As a History major, I cannot deny that Roman Catholicism is the earliest and longest expression of that One Holy Catholic and Apostolic Church. I cannot deny the Pope’s universal legitimacy since I have earlier recognized that the Anglican Communion derives its own Apostolic Succession because the first Archbishop of Canterbury was consecrated by Pope Gregory the Great.

I feel as though I have tripped on the banks and am flailing to keep from falling into the Tiber. If something does not pull me back soon, I’ll end up in the river. With my interest in Holy Orders, I know that there is a shortage of Priests in the Roman Catholic Church, so I would have little problem on that account. I am a failure with women anyway, so that will solve that issue.

I do not know. I graduate in December and I am wondering what I will do then. I know that if I try to start discernment for Anglican Holy Orders, I will probably get shot down as it were.


#9

As an outsider who has a sharp interest in Rome:

Why are you fighting so hard against your conscience? If you feel like the Roman rites are the truest — or at least closest — expression of your beliefs, then why aren’t you already there? There comes a point when delaying crossing some boundary becomes just another waste of time and a hindrance to your spiritual development.

Further, if you accept the role of the bishop of Rome as — and here I use your words — “being truly Catholic (Universal) in nature,” then why aren’t you in communion with said bishop?

Now, because you’re discerning a vocation — is that the reason that you aren’t willing to cross over yet? Are you afraid you’re not up to the ecclesiastical disciplines of the Church regarding the vows?

On a different note: You could join the TAC for the present. They’re in talks with Rome about coming under the pastoral care of the Roman church while maintaining Anglican [liturgical] distinctions. That way, you could stay an Anglican and then become an Anglican [Roman] Catholic by default. :wink:


#10

You already know the Truth.

And the Truth shall set you free.


#11

Forgive me… Newbie moment…

What’s the Tiber?


#12

The Tiber is the river in the city of Rome.

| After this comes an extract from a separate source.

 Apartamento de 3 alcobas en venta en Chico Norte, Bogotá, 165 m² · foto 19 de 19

‘Crossing the Tiber’ is slang for converting from another Christian church to the Roman Catholic Church.

A lot of folks here have “Tiber Swim Team 02” or “Tiber Swim Team 98” or whatever on their signature, meaning that was the year they were received into the Catholic Church.

:thumbsup:
DL82
Tiber Swim Team 08


#13

In that case… I’m already in the water and enjoying the passing view as I cross over to the other side… I start RCIA in a week or so and since I have already been baptized I’m a Candidate.

I don’t know if I will be confirmed this year or Easter Vigil of next year but I’m not in a hurry… although the thought of the Eucharist makes me really anxious to be Catholic once and for all!


#14

Welcome to the Catholic family, Stacy. I’ll remember you in my prayers this Sunday at mass.


#15

Now, because you’re discerning a vocation — is that the reason that you aren’t willing to cross over yet? Are you afraid you’re not up to the ecclesiastical disciplines of the Church regarding the vows?

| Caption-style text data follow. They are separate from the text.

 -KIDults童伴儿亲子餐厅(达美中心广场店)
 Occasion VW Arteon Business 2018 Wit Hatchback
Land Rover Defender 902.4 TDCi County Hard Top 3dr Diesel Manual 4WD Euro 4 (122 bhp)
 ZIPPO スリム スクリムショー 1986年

To answer the first part of the question: YES, but not how you might think.

Within the Episcopal Church, it is quite difficult for someone to get ordained. First off, there is not really a need for Priests currently, so that is one difficulty (if they have no need, they will freeze your discernment). Second, a dominating wing within the ECUSA wants to maintain an older Priesthood (the average age of Priests in the ECUSA is their 50s) and so it is hard for a younger person to be ordained. Third, with my more theologically conservative leanings, that would cause difficulty as the ECUSA gets more liberal.

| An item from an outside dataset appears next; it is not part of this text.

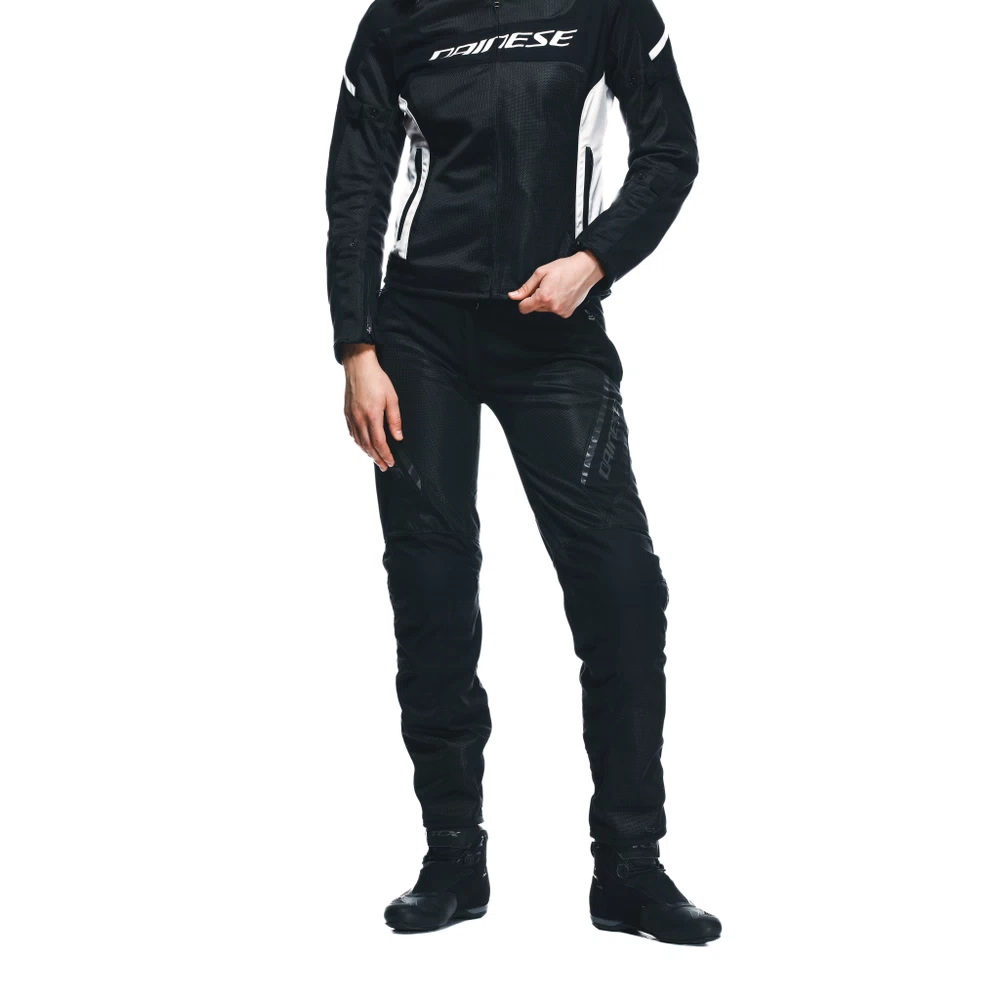Dainese Drake 2 Super Air Tex Pants Wmn black/black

I know that the Roman Catholic Church has a shortage of Priests, so I know it would be a lot easier to get ordained in the RCC. Also, my conservative theological views would probably be acceptable and my youth (I am 22) might actually be viewed as a plus.

So, I want to make sure that my interest in Roman Catholicism is genuine and not just because I want an easier entry into the Priesthood (obviously, once ordained as a Roman Catholic, I would stay Roman Catholic).

Does that make sense?

EDIT: I would not be one of those that would get ordained and then try to cross back over the Thames or something. Once I had made the decision to be Roman Catholic and to get ordained, I would (hopefully…God willing as it were) stick with my choices.


#16

Dear nsper7,

May God walk with you on your journey.

A couple of things strike me reading through the thread, firstly, that it’s important to remember that every priest is a Catholic first and a priest second. It’s important to see Catholicism as a Catholic first and then maybe as a Priest.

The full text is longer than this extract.